Ярослава Исмукова анализирует особую визуальную образность Машинимы, видеоролика, созданного на игровом движке. Она отмечает двойственность интерпретации: с одной стороны, Машинима отсылает к контексту создания (игровому), с другой стороны — отходит от него, приближаясь к кинематографу и видеоарту. Эта двойственность порождает неоднозначность восприятия, которая выражается в смещении зрительских ожиданий, увеличении эстетической дистанции, позволяющих передавать зрителю не ясно сформулированное сообщение, но скорее сильное эмоциональное впечатление. Видеоигры рассматриваются здесь, таким образом, как визуальная техника, апроприированная современным искусством.

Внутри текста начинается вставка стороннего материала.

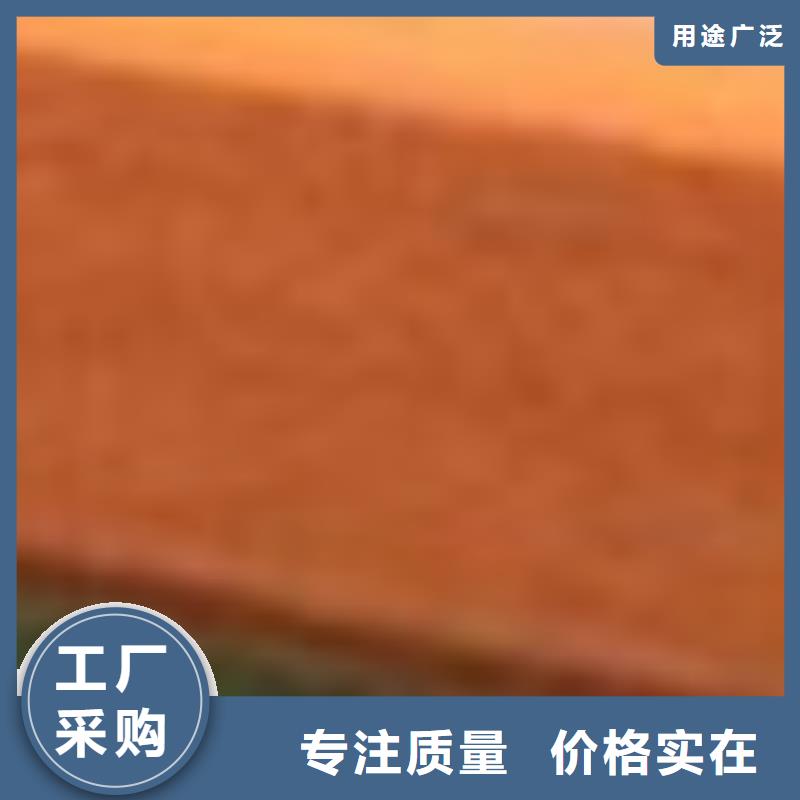护栏 防撞护栏厂细节决定品质
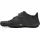 Vibram Five Fingers V-Alpha Women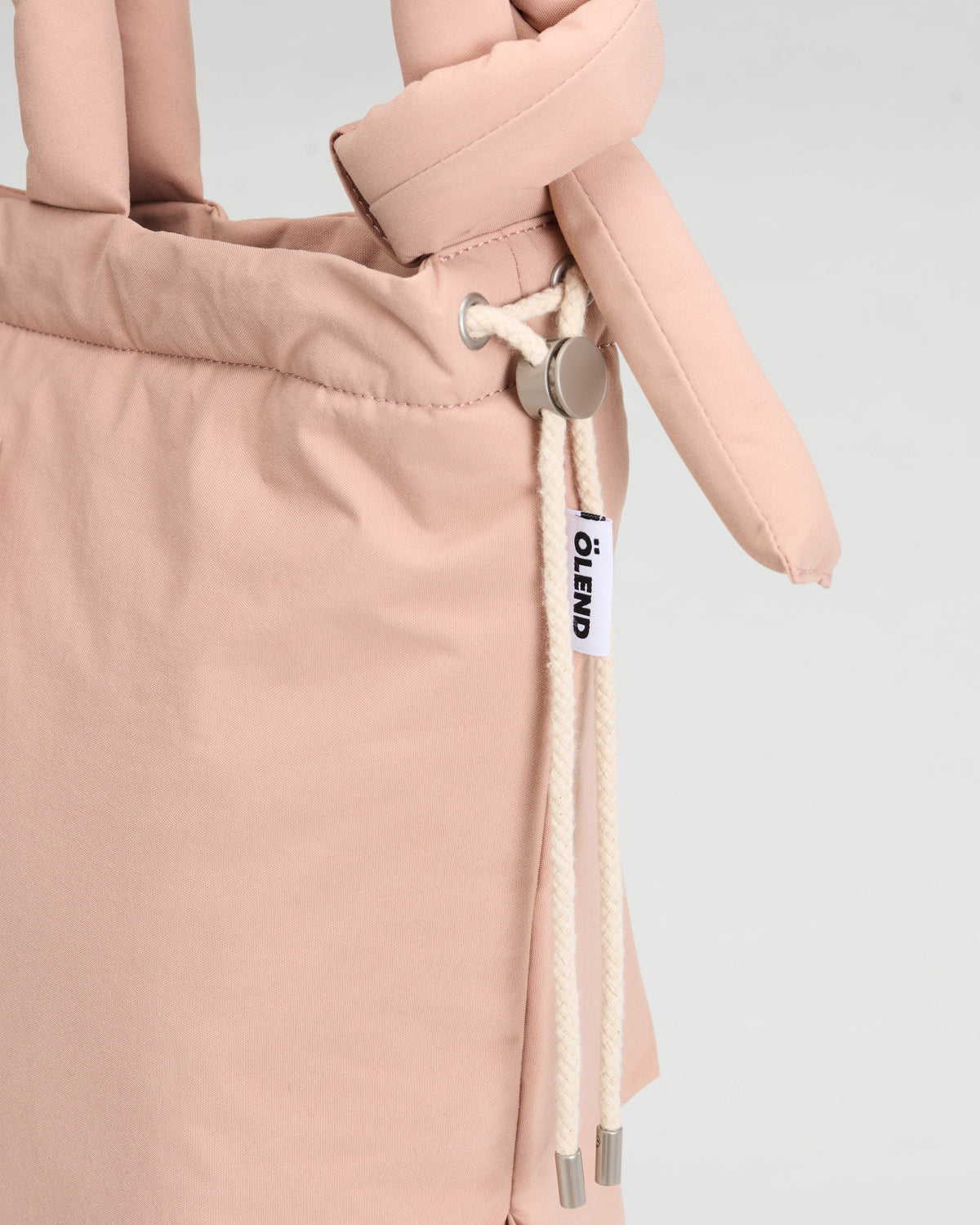 Rain Noli Bag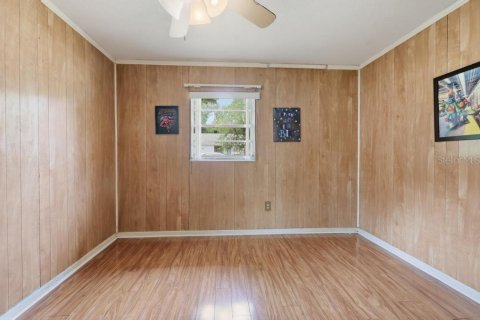 Villa ou maison à vendre à DeLand, Floride: 3 chambres, 104.05 m2 № 2285412 - photo 26
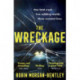 The Wreckage: The gripping thriller that everyone is talking about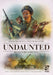 Undaunted Reinforcements (Revised Edition)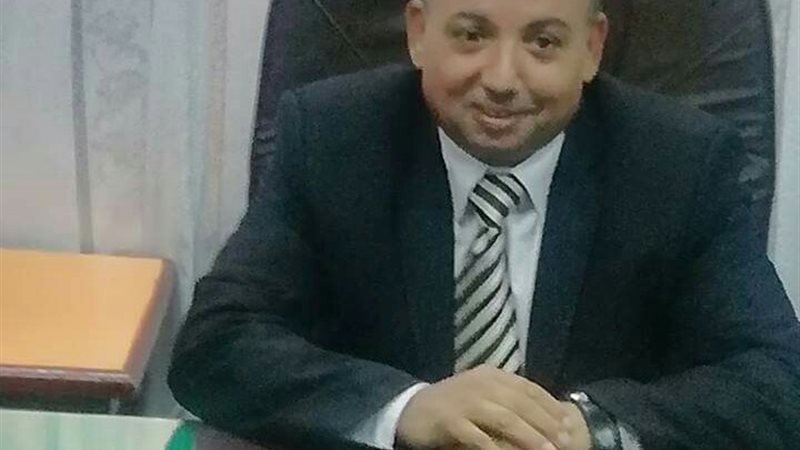 المواطن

Алексей Салин и Полина Ханова сравнивают видеоигровые и кинематографические вестерны. Ранние киновестерны изображают индейцев как материал для строительства США, с 1950-х годов возникают «ревизионистские» тенденции, проблематизируется колонизаторский нарратив, возникают более сложные и реалистичные образы коренных американцев. В видеоиграх схожий переход происходит только в середине 2000-х, когда типичные тропы, формирующие миф о Чуждости (савагеризация, гиперсексуализация и супернатурализация), сменяются другими, более сложными формами репрезентации, которые, однако, также оказываются во многом проблематичными (например, изображение индейцев жертвами во имя спасения человечества в Assassin’s Creed III).
Егор Соколов предлагает попытку гендерного анализа видеоигр. Вопрос заключается в том, как игры для маленьких детей формируют гендерную идентичность, как описания, образы и игровые механики задают стандарты внешности и поведения. Мальчикам предлагают «стрелялки», а девочкам — «одевалки», мальчикам разработчики дают возможность ассоциировать себя с «крутыми» героями, соревноваться и побеждать, а девочкам навязывают установку одновременно прагматичную и неамбициозную — навыки наращивания телесного капитала, ведения хозяйства и ухода за детьми, которые должны быть усвоены пассивно, вне дискурса соревнований и достижений. Таким образом формируются нормативные модели, навыки и предпочтения, телесные и ментальные схемы, которые становятся основой воспроизводства гендерного неравенства.
Андерс Суннес Лёулие рассматривает карты компьютерной игры America’s Army как особый случай риторики, военную пропаганду (игра разработана по заказу армии США) через видеоигровое пространство. Претензия этой игры на правдоподобие реализуется в форме «реализма тематического парка», через создание «эффектов реальности», которые, однако, не должны мешать удовольствию от игры. Иначе говоря, «реалистичность» используется как риторическая фигура для «украшения» совершенно нереалистичных игровых механик (схожих с другими многопользовательскими шутерами). Анализ пользовательских комментариев показывает неожиданную эффективность этой риторической стратегии.
Библиография / References
[Ветушинский 2015] — Ветушинский А. To Play Game Studies Press the START Button // Логос. 2015. № 1. С. 41–60.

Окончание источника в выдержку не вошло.